In an economy going gangbusters, employers are under enormous pressure to invest whatever is required to attract the best talent and retain their best employees. Organizations that meet women’s demands for wage parity and actively pursue greater gender diversity within executive leadership could see a remarkable return on the investment.

But change won’t be easy. Women in all industries and at all corporate levels still face a wage gap based on their gender, according to the most recent data. The National Women’s Law Center indicates U.S. women who worked full-time, year-round in 2016 were typically paid 80 cents for every dollar paid to a similarly situated man—an average loss of $10,000 each year.

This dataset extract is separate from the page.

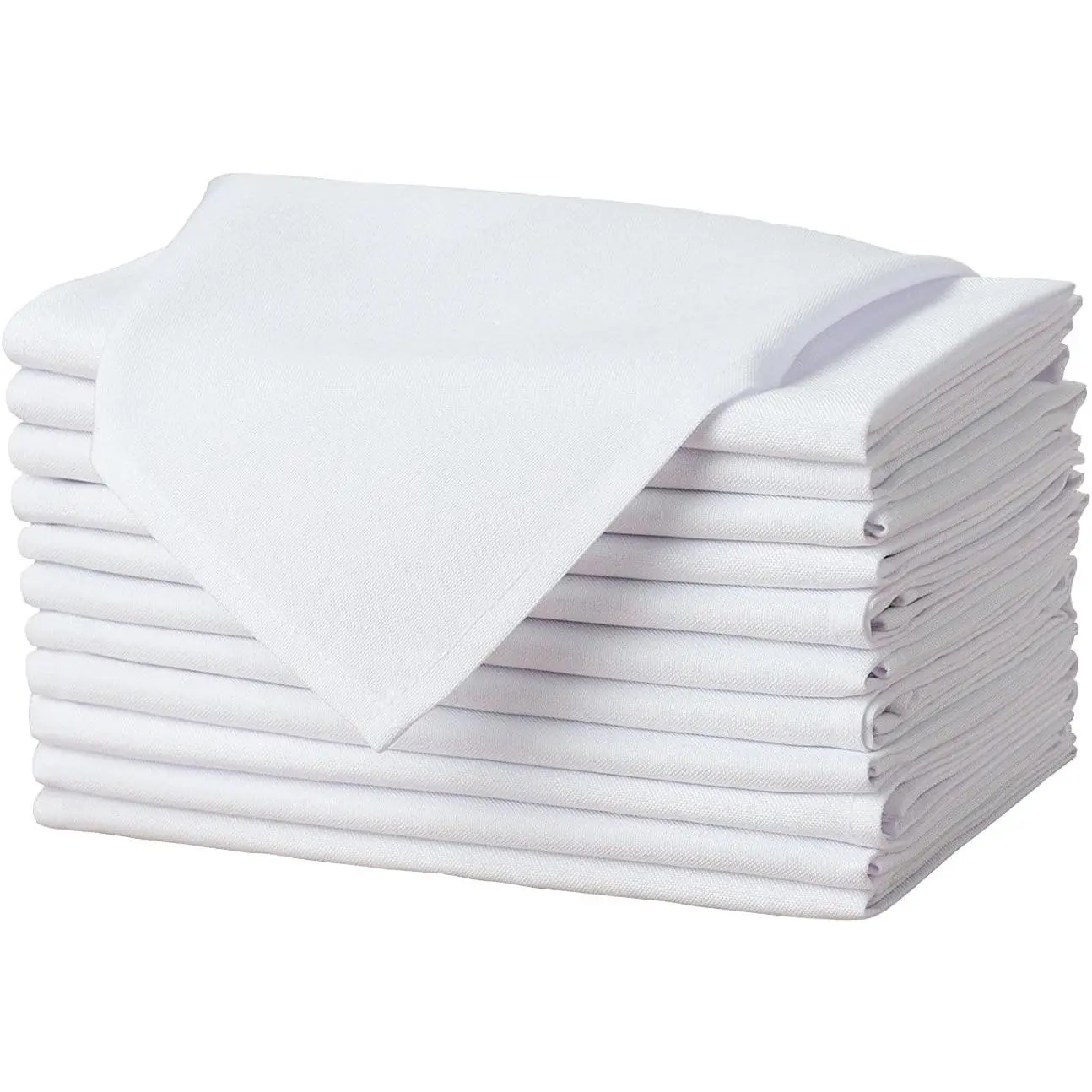 Cloth Napkins - 17 x 17 Inch White Dinner Napkins - Set of 12 Soft & Absorbent Washable Fabric Cloth Table Napkins with Hemmed Edges for Hotel Restaurant, Holiday Parties & Wedding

The gap may even be wider according to new research by the People’s Policy Project. When you include contingent workers—part-time, freelance, and contract employees—the gender wage gap nearly doubles, from 20 cents to 39 cents. It gets worse for women who climb the corporate ladder. By age 50, male executives make 65 percent more annually than similar female executives, according to compensation research firm Payscale, and are 85 percent more likely to have advanced to the C-suite.

Still, if there was ever an opportunity for progress, it is now. With unemployment dropping below 4 percent, and wages ticking up over the past two months, many economists forecast the beginning of a sustained period of wage inflation.

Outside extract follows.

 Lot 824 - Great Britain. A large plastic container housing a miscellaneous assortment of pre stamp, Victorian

Wage growth is a sign that talent scarcity is a concern for employers. More than half of the 800 C-suite and human capital leaders surveyed for Randstad Sourceright’s 2018 Talent Trends Report said they were concerned enough to plan substantial investments over the next year to improve the workplace experience and attract and retain the best talent.

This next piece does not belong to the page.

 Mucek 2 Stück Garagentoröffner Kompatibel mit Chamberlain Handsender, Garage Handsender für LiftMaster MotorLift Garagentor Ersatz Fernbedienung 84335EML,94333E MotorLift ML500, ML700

Recent events have also elevated the issue of wage equality to the point that it is difficult to imagine a female candidate negotiating salary without the issue surfacing, one way or another. The #MeToo movement against workplace harassment precipitated the #TimesUp campaign, which has raised awareness of the gender wage gap across industries. In response, some high-profile companies—like Google, Salesforce and Citigroup—have already announced salary adjustments to eliminate any gap in wages between their male and female employees.

Other employers must follow their lead if they hope to retain the valuable women they currently employ. A full 80 percent of women, in fact, recently told Randstad US that they would leave their employer for one that offered better gender equality.

But is this perfect confluence of events enough to convince employers to make wage adjustments? Ground-breaking evidence suggests that savvy employers would be wise to consider that gender parity is critical for business success. In tight markets, every little advantage counts, and gender diversity is no small advantage. The McKinsey Global Institute has documented that more diverse executive boards can impact a company’s performance and generate 53 percent higher returns on equity than companies without diverse leadership.

When efforts to diversify organizational leadership are paired with a genuine commitment to include women’s disparate perspectives, the result is more effective executive leadership and potential profits that more than compensate for the higher salaries required to close the gender wage gap.

Change occurs not from knowing the right thing to do, but by doing it. Women may have no better opportunity than now to achieve wage parity with men, and they owe it to each other to make the most of this moment.

Dallas resident Rebecca Henderson is CEO of Randstad Sourceright, a global talent solutions leader.